Data Pipeline Framework using the singer.io spec

https://transferwise.github.io/pipelinewise

Apache License 2.0

629 stars 116 forks source link

Log based mode performance #972

Open podviaznikov opened 2 years ago

podviaznikov commented 2 years ago

This one is a follow up on https://github.com/transferwise/pipelinewise/issues/971 but a different case.

I was also tasting LOG_BASED replication and it works but it feels that it can be faster.

Eg I've set batch_size_rows to 100000 and I see in logs that to sync each batch of 100K take 1.5 minutes. Which looks a bit slow. I there any way to speed up this? (I did try fastsync_parallelism)

Samira-El commented 2 years ago

What do you wanna speed up exactly? There are many moving parts here.

podviaznikov commented 2 years ago

I think general speed. If I have more than 100K inserts/updates/deletes per 1.5 minute sync job will start to back up.

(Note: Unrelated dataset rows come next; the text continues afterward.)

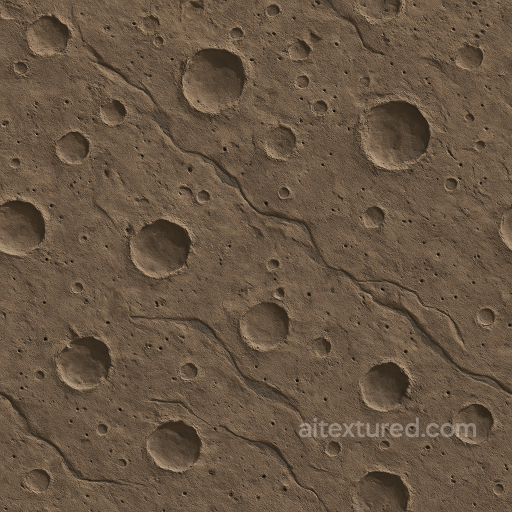 Rocky Planet Cratered Surface With Basaltic Rock Detail seamless Star, space, planets PBR texture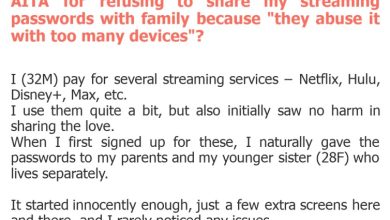 Photo of AITA for refusing to share my streaming passwords with family because “they abuse it with too many devices”?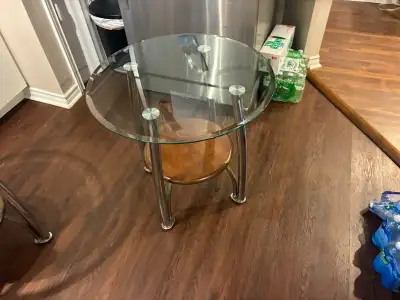 Glass and Wood End Tables, View more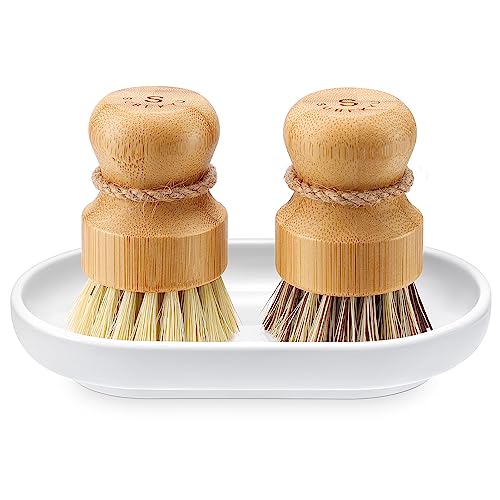 SUBEKYU Bamboo Dish Scrub Brushes, Bubble Up Bamboo Dish Brush Set with Brush Tray, Kitchen Wooden Cleaning Scrubbers Set for Washing Cast Iron Pan/Pot, Natural Sisal +Coconut Palbristles, Set of 2 - color: Sisal + Palm Brush, 2p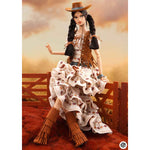 Doll in a cowboy outfit with a scenic background. JHDFASHIONDOLL Yellowstone: Farm Girl Candice - VIP Club Exclusive (M2514)
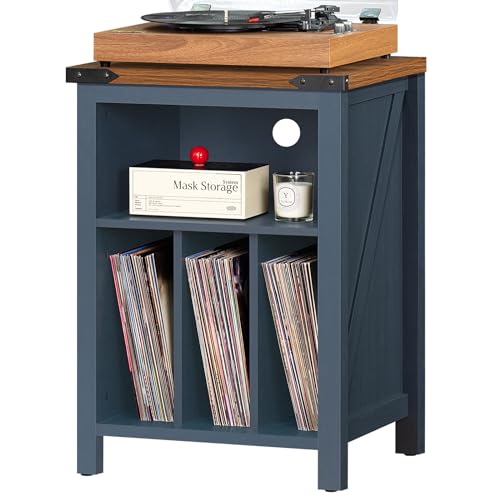 Joaxswe Record Player Stand with Vinyl Record Storage,Navy Blue | Record Player Table Holds up to 160 Albums,Large Wood Turntable Stand Cabinet Dispaly Shelf for Living Room,Bedroom,Office - color: Blue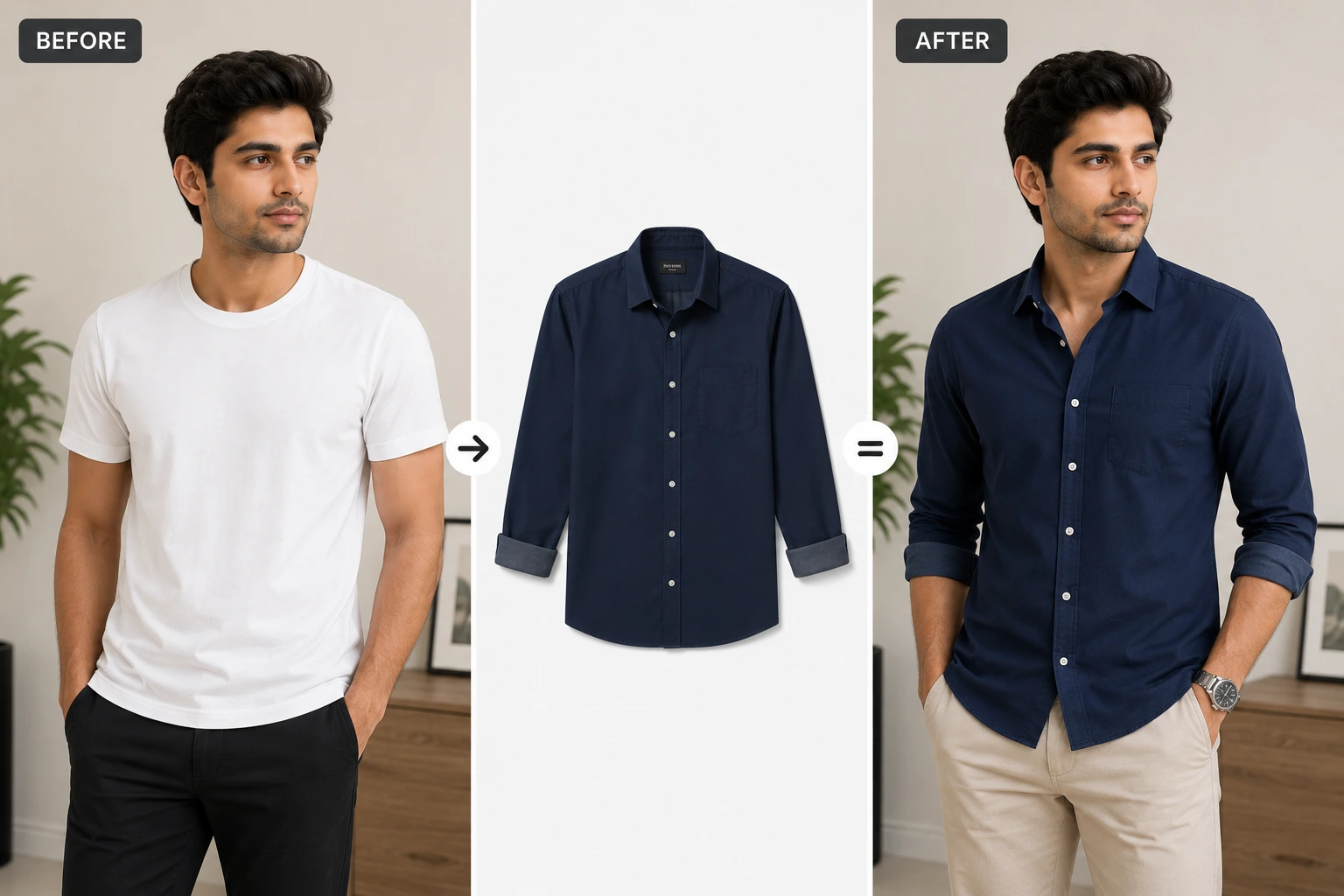 AI Virtual Try-On before and after for menswear — male model wearing a white t-shirt transforms into a navy blue formal shirt using AfterTaken AI Virtual Try-On tool for men's fashion e-commerce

Samira-El commented 2 years ago

Just a disclaimer that there will always be a lag, this will not do real-time native replication unless you're willing to provision powerful machines or snowflake warehouses.

You need to investigate where you're bottleneck is, the replication is both CPU and IO-bound:

Is the tap processing inserts/updates/deletes events fast enough for your needs? if not then there is no config here to change, you have to bump the CPU of the machines on which Pipelinewise runs.

But if it is fast but the Snowflake warehouse you're using is small or has other workloads running there then there might be queues in the warehouse and the batches are gonna take longer to flush and the pipeline would not be doing anything in the meantime, regardless of how fast the tap is at consuming change logs. If it's well provisioned, you could try smaller batch size or time-based batch flushing (check out the pipelinewise-target-snowflake Readme).

Tolsto commented 2 years ago

The main issue is that most of the CPU intensive operations for the log-based replication in both the tap and target components are single-threaded and cannot be easily scaled. Your only option there is to either use multiple replication slots with multiple instances of Pipelinewise each syncing different tables or use CPU cores with a higher clock speed or IPC. For better scalability we'd need process-based parallelism when processing the log in the tap and probably also for building the batches in the target. If the Snowflake operations slow you down then I'd suggest to use larger batch sizes as this will decrease your Snowflake overhead substantially. If memory management becomes a problem with larger batches have a look at this PR.

If you have hstore or array type columns in your tables then this problem here will also seriously slow you down.